INPUT DATA =
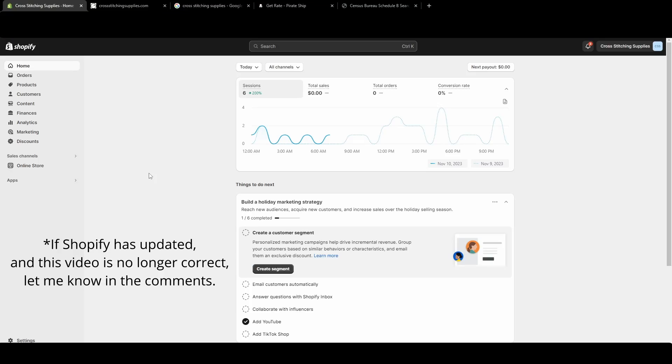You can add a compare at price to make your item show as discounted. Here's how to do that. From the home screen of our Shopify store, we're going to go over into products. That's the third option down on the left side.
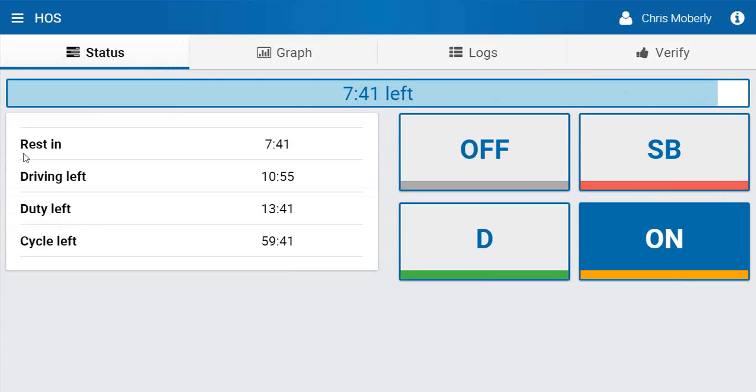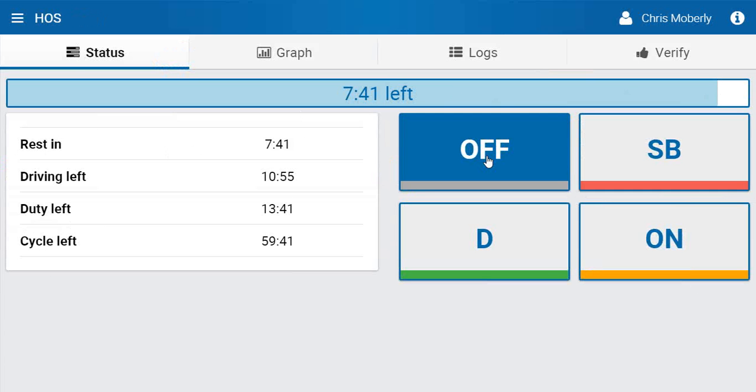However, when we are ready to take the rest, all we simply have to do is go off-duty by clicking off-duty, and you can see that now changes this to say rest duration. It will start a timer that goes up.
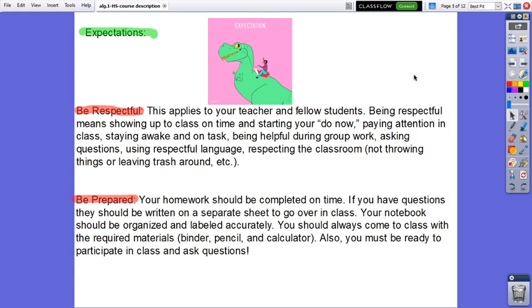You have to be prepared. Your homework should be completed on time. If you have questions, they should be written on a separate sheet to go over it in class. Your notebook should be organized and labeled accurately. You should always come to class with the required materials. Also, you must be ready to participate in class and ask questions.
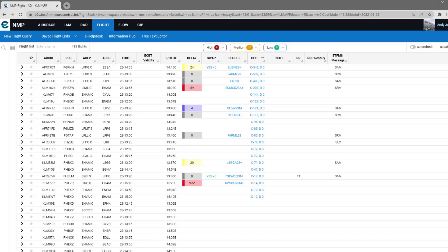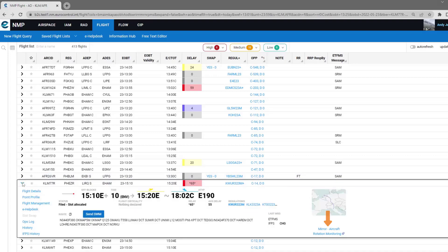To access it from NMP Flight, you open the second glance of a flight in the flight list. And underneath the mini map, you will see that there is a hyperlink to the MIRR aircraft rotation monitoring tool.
--
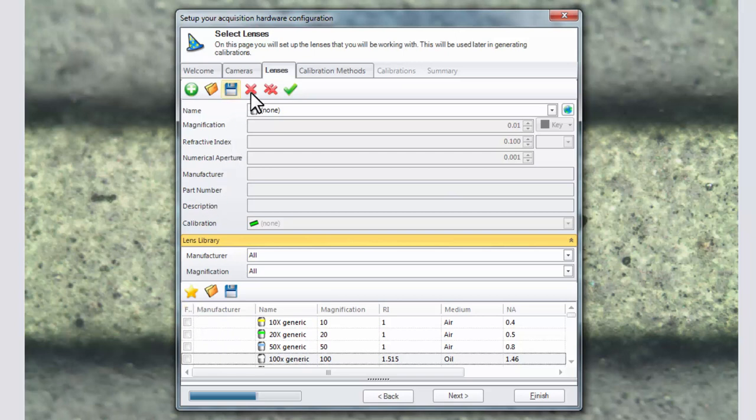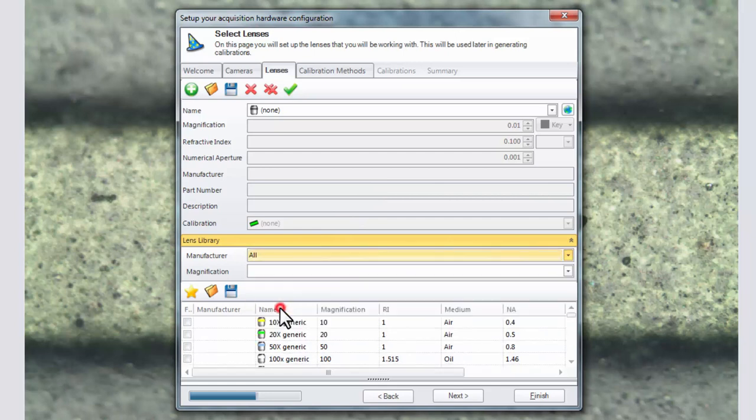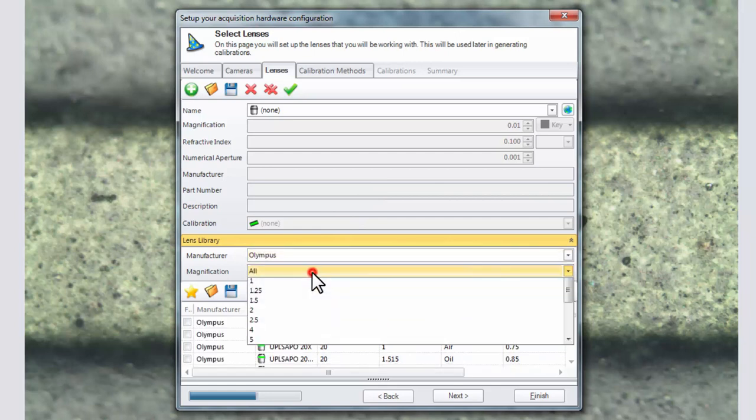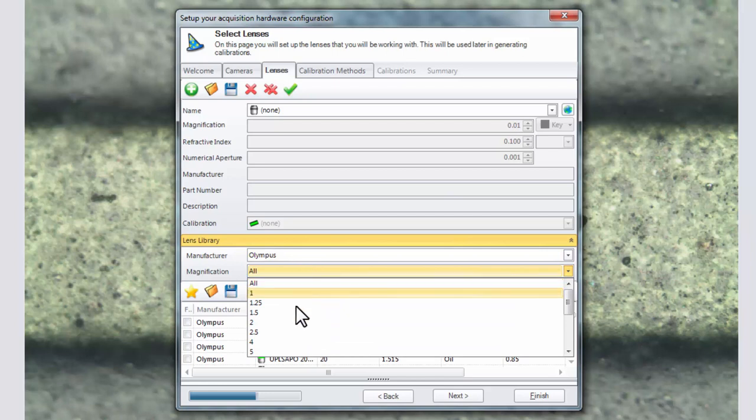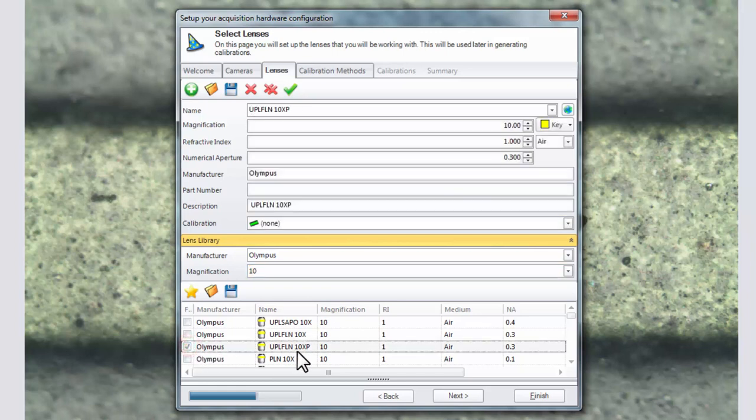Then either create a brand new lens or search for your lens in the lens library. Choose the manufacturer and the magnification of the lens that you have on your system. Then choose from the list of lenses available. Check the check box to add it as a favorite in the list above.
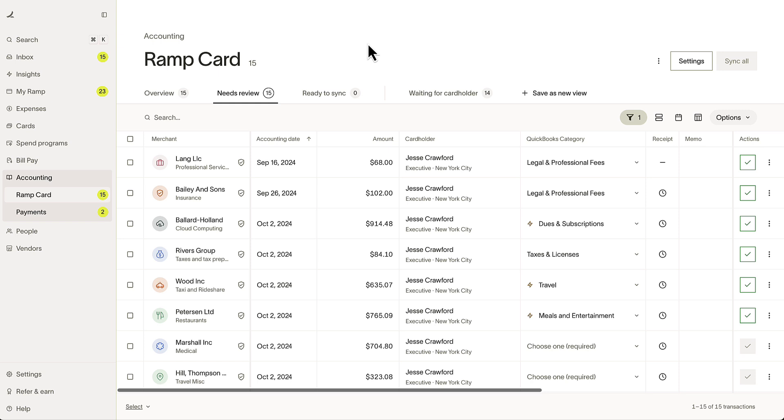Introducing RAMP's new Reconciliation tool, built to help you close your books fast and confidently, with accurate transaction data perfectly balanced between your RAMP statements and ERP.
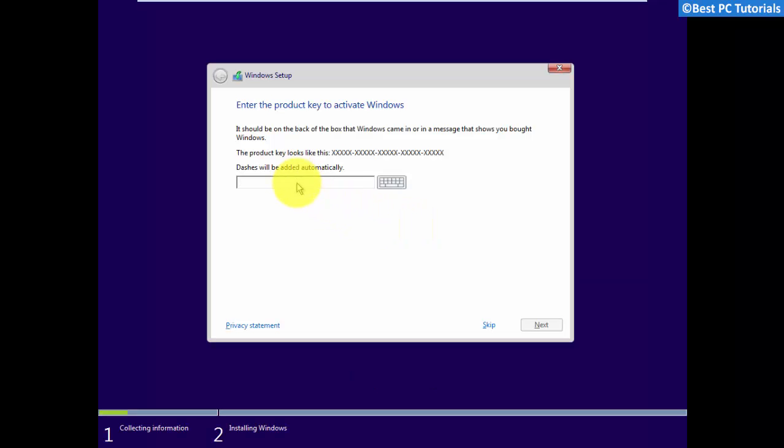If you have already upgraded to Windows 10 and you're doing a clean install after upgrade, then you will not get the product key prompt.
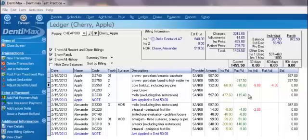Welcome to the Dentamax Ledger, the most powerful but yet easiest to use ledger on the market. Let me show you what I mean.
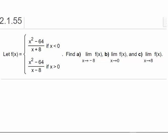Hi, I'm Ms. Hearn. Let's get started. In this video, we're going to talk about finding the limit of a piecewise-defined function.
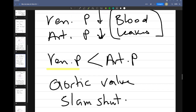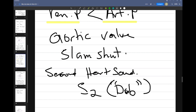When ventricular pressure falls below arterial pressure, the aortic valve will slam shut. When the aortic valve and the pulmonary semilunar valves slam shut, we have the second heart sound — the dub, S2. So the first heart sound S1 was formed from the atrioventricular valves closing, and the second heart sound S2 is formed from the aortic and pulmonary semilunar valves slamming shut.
...
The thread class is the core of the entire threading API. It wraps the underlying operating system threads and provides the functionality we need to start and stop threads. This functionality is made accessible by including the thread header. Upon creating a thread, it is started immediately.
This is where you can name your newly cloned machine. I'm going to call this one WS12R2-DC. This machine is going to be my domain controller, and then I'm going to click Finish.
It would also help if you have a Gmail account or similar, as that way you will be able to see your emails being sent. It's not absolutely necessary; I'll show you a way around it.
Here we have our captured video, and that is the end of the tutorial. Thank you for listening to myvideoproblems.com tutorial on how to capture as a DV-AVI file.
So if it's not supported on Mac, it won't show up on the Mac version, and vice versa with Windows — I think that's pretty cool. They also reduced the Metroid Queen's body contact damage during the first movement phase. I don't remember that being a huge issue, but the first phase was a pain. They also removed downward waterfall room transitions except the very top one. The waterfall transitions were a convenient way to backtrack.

ABOUT THIS TASK =
All that should be printed is the run of lines above from the one with "Welcome to the" through the one with "When ventricular pressure", both included, exactly as given, with pictures left out.

ANSWER TO THE PROBLEM =
Welcome to the Dentamax Ledger, the most powerful but yet easiest to use ledger on the market. Let me show you what I mean.
Hi, I'm Ms. Hearn. Let's get started. In this video, we're going to talk about finding the limit of a piecewise-defined function.
When ventricular pressure falls below arterial pressure, the aortic valve will slam shut. When the aortic valve and the pulmonary semilunar valves slam shut, we have the second heart sound — the dub, S2. So the first heart sound S1 was formed from the atrioventricular valves closing, and the second heart sound S2 is formed from the aortic and pulmonary semilunar valves slamming shut.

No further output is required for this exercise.